• WHAT TO WORK ON:
With pictures left out, output word for word the lines from the one containing "雅典娜的叹息是什么？其背后的故事有哪些？" through the end of the material below.

• PROVIDED RECORDS:
BEGIN
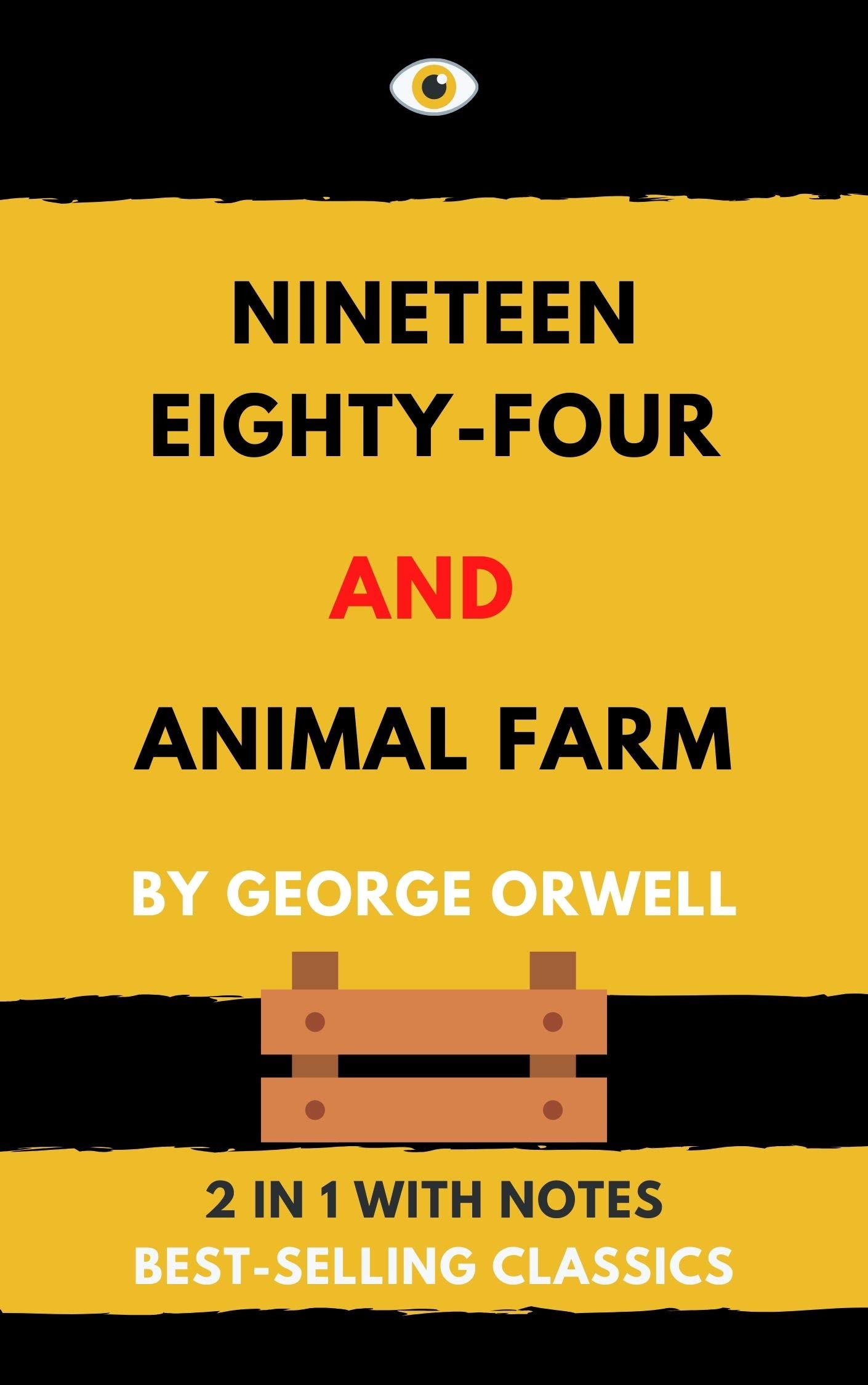 Nineteen Eighty-Four and Animal Farm by George Orwell:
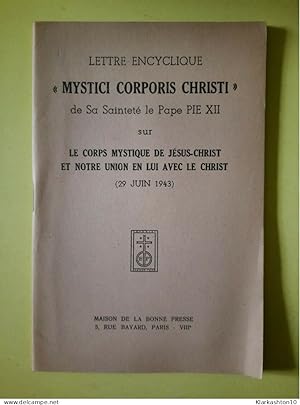 Lettre Encyclique - Mystici Corporis Christi de Pape Pie XII / 29 Juin 1943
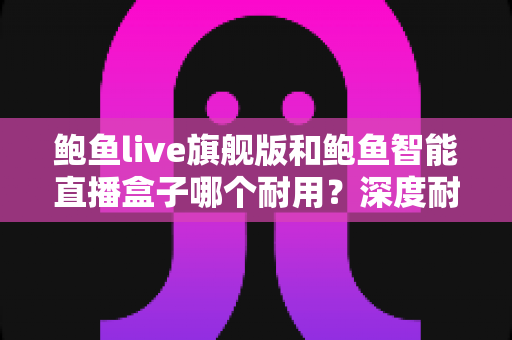 鲍鱼live旗舰版和鲍鱼智能直播盒子哪个耐用?深度耐用性对比与选购全指南 鲍鱼live旗舰版和鲍鱼智能直播盒子哪个耐用?深度耐用性对比与选购全指南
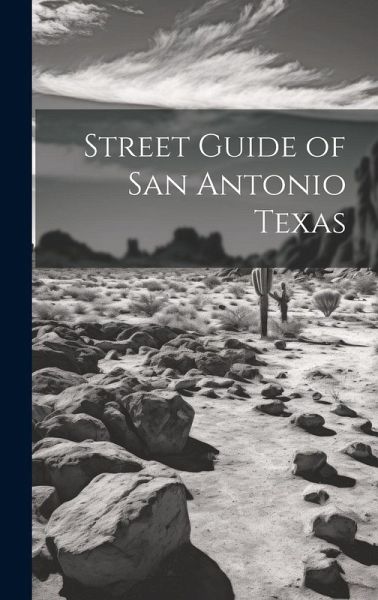 Street Guide of San Antonio Texas Street Guide of San Antonio Texas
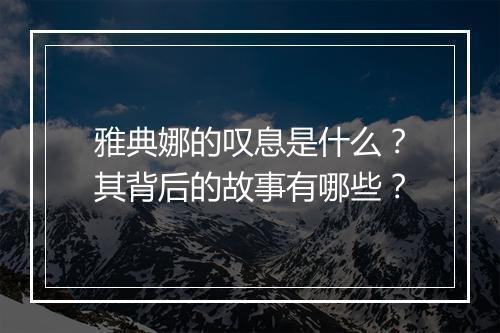 雅典娜的叹息是什么？其背后的故事有哪些？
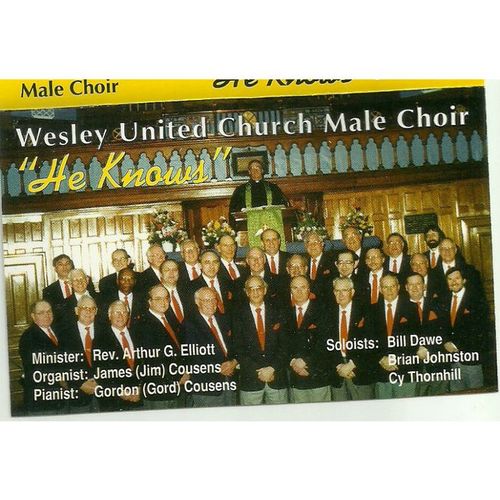 WESLEY UNITED CHURCH MALE CHOIR''HE KNOWS''NEWFOUNDLAND CHURCH CHOIR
END
• COMPLETED TASK:
 雅典娜的叹息是什么？其背后的故事有哪些？
 WESLEY UNITED CHURCH MALE CHOIR''HE KNOWS''NEWFOUNDLAND CHURCH CHOIR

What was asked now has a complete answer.